While the mediation service was set up for small claims only, the mediator also signposts customers with higher value claims to other mediation providers using the National Mediation Helpline; a service set up to help people in the Fast (£5000-£15000) and Multi track (£15,000 upwards) to explore mediation options. The mediator actively promotes new ways of delivering information on mediation, working closely and forging partnerships with Court Managers, Judges, the Area Customer Service Officer and other local primary stakeholders. The mediation scheme in Manchester is part of Her Majesty's Court Service (HMCS), and as such, control is exercised centrally so that the service meets HMCS and other Government-wide customer service standards and performance targets. In addition, the mediator was recruited locally because it was felt that a locally based mediator with knowledge of local social, economic and cultural trends had a better chance of settlement options according to the profile of the case.

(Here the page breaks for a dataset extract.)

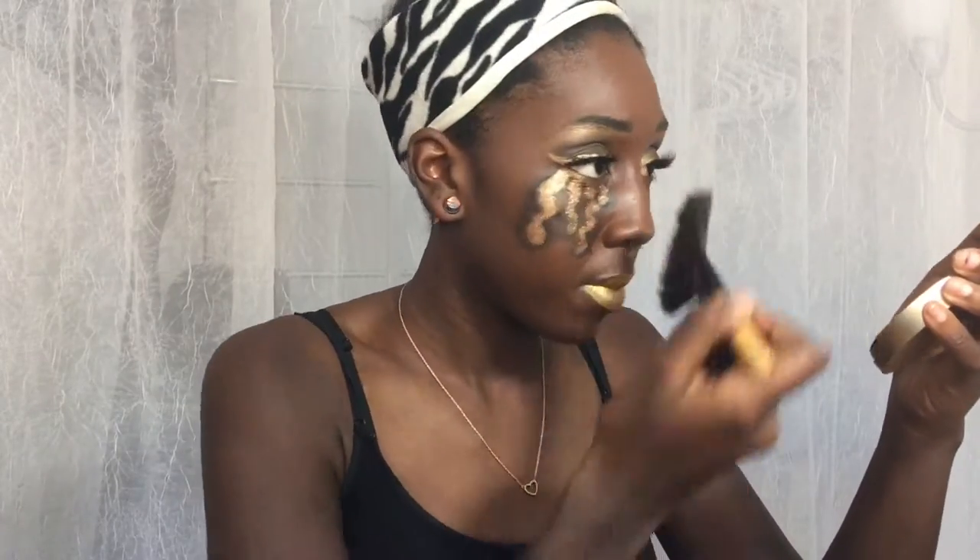Now I'm taking my Glow Kit and putting it literally everywhere. Then I'm just using my setting spray of course, and this is the final look.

The mediation service also offers a better quality of outcomes because a range of settlement alternatives can be taken up by the disputing parties. They are not all dependent on a financial solution.
The service is customer driven as the parties decide whether they want to try mediation before deciding on final outcomes with the mediator. Disputing parties are not pressurised to take up the mediation service on offer. Though mediation is encouraged and supported by the Civil Procedure Rules, it is still a voluntary service. Since a large proportion of small claims cases are litigants in person who are unable to benefit from good quality advice that might encourage them to settle, this service is able to offer this advice free of charge and without prejudice. It must also be borne in mind that the mediator is not legally qualified and cannot give legal advice.

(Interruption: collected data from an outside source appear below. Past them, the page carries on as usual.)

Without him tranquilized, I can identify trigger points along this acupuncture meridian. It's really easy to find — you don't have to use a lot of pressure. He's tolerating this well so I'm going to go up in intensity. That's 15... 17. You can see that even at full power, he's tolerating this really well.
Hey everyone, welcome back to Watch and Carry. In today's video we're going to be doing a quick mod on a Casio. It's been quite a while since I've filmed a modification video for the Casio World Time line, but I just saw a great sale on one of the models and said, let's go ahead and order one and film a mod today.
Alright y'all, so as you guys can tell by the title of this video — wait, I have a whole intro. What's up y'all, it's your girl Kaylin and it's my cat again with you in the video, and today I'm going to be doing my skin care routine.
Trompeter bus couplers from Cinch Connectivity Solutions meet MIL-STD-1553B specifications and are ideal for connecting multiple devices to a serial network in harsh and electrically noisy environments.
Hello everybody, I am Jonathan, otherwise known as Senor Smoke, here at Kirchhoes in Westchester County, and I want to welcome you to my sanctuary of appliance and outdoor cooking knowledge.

The mediation advice given is based on the mediator listening to both parties with an open mind and allowing them to test the strengths of their respective cases before coming to a middle ground for settlement options. There is no 'all or nothing' approach and the mediator encourages parties to see that there are no winners or losers. The free service is available to all court users regardless of ethnicity or social status.

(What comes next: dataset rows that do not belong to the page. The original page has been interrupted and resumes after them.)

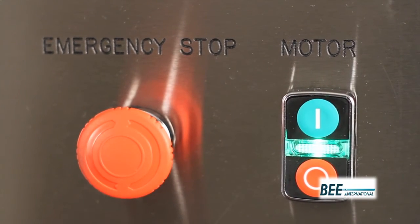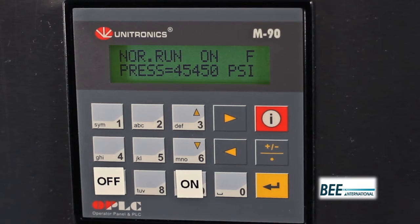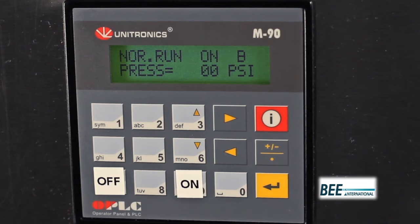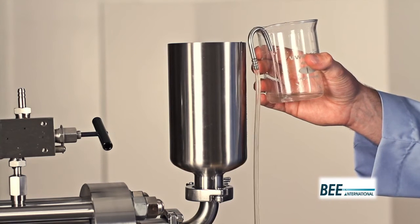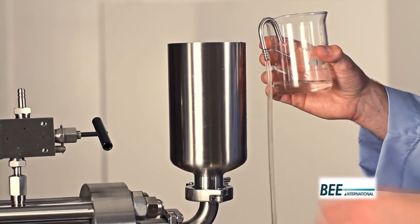Turn on the intensifier pump by pressing the on button on the PLC display. Process pressure is displayed on the PLC. Turn the pressure set dial to adjust the process pressure anywhere up to 3,100 bar or 45,000 psi. Your product is now being processed.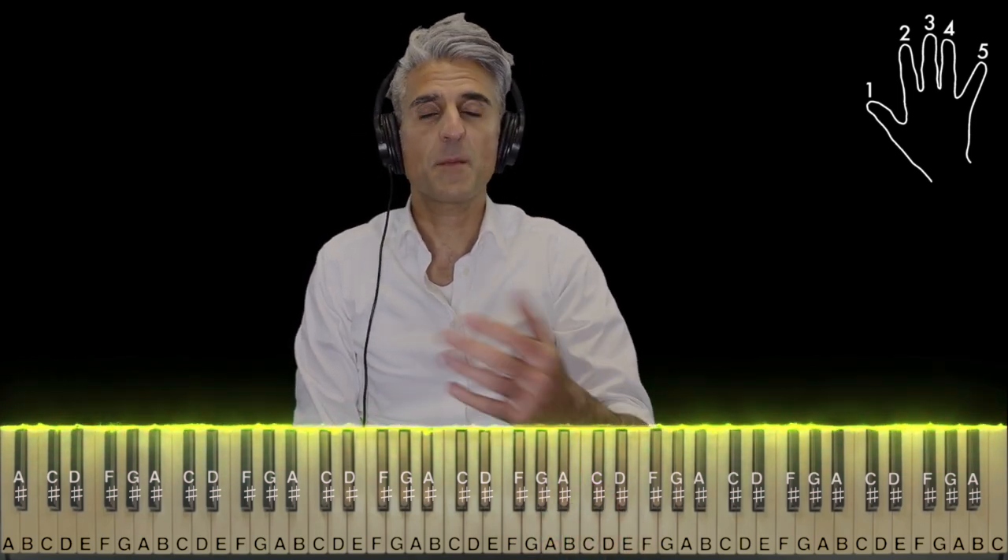Here it is again with the proper rhythm. And it's right back to the beginning.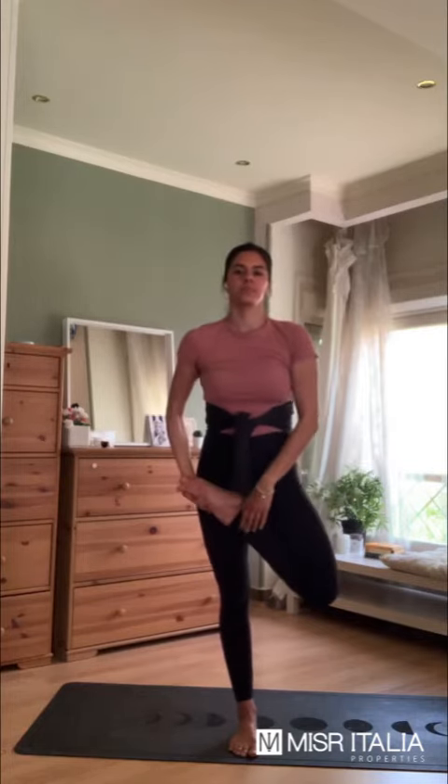And if you are a yogi, you can go even deeper, very much deeper. And try it on the other side.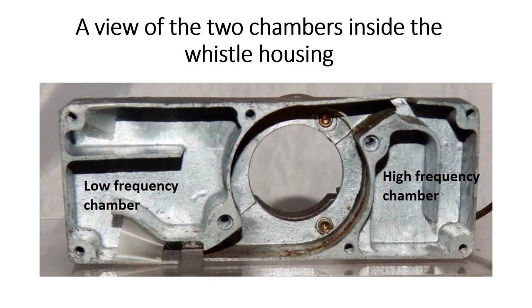Here's a view of the cast housing of the whistle — these are cast zinc. Typical with old cast zinc housings is something called zinc pest, or zinc warpage, or zinc deterioration. The foreign metals in the zinc cause it to distort, and that's one of the problems with the whistle I have here. The housing itself has two chambers: on the left the low-frequency chamber, on the right the high-frequency. Air blowing through these produces two different tones to give you the nice whistle sound you hear when they're working properly.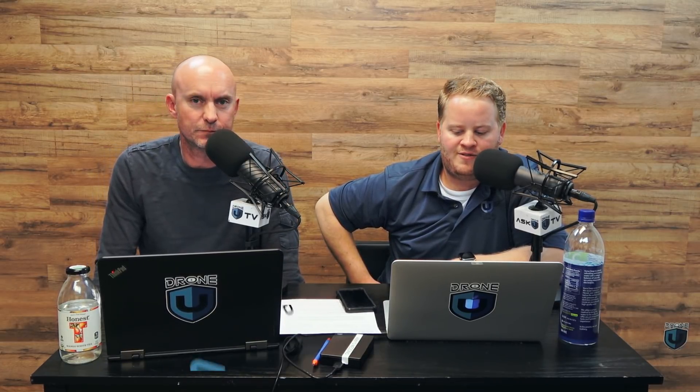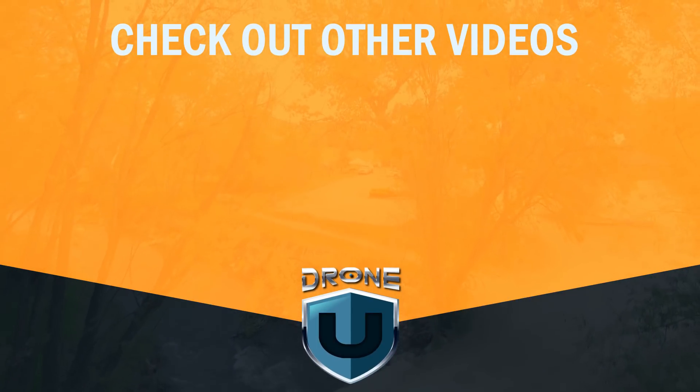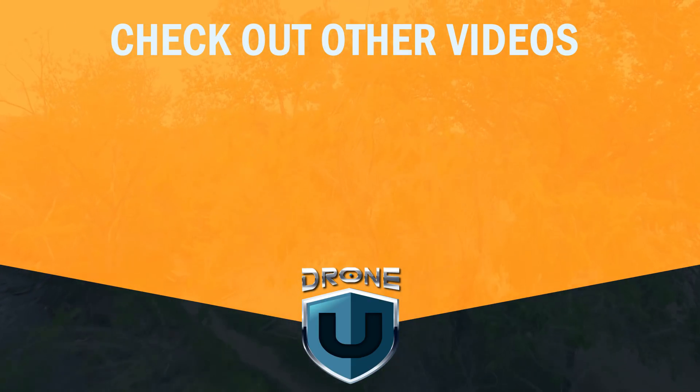Well, that's going to do it for us today guys. My name is Paul, and I'm Rob, and this is Ask DroneU. We'll see you next time.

A description of the effects of the scheme
The mediator first contacts the parties to form a platform for negotiation at the mediation appointment. In doing so, he seeks to earn the trust of both parties. This has led to a number of innovative settlements e.g. donations to charity, apologies, a courtesy car during repair work, re-activation of business contracts. This original approach i.e. giving parties the option of coming to a settlement that is not solely a financial one has resulted in 86% of the 120 cases to date settling on the day itself. The quality and compliance of settlement outcomes were also higher because the parties themselves shaped the settlement alternatives, resulting in a 100% compliance rate in Manchester. One unexpected outcome of the scheme was the use of settlements over the telephone. This has outstripped face-to-face mediation as the scheme progressed through its pilot phase and is testament to the flexibility of the scheme and James' creative approach. It was initially introduced because some parties lived in areas that were inaccessible or areas poorly served by public transport or roads. By using the telephone parties can now resolve their disputes without having to travel to court, saving time and expenses.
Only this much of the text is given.